**Problem description**
Show each line of the data below in which "Step" occurs.

**Recorded data**
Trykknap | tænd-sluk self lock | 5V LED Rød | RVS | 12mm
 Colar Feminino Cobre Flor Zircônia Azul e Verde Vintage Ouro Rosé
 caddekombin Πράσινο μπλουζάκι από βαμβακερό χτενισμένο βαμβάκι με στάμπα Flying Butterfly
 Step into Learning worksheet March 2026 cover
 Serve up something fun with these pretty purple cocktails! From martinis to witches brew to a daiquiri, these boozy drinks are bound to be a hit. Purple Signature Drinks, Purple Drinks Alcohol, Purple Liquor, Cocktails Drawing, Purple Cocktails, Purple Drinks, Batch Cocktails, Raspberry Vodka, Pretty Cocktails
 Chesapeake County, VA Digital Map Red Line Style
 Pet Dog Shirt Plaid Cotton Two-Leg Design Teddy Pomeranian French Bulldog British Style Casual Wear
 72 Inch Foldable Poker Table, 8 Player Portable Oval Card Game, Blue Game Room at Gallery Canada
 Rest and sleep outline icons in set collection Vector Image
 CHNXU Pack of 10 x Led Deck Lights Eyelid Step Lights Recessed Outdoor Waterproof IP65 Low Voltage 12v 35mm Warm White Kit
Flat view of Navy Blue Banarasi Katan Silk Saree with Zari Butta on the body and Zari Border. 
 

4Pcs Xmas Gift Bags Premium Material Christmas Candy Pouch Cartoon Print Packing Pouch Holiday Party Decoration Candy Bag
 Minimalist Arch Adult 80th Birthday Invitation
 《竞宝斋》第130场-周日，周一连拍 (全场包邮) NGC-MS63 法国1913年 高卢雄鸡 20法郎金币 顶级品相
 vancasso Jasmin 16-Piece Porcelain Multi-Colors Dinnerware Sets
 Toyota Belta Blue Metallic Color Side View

**Solution to this problem**
 Step into Learning worksheet March 2026 cover
 CHNXU Pack of 10 x Led Deck Lights Eyelid Step Lights Recessed Outdoor Waterproof IP65 Low Voltage 12v 35mm Warm White Kit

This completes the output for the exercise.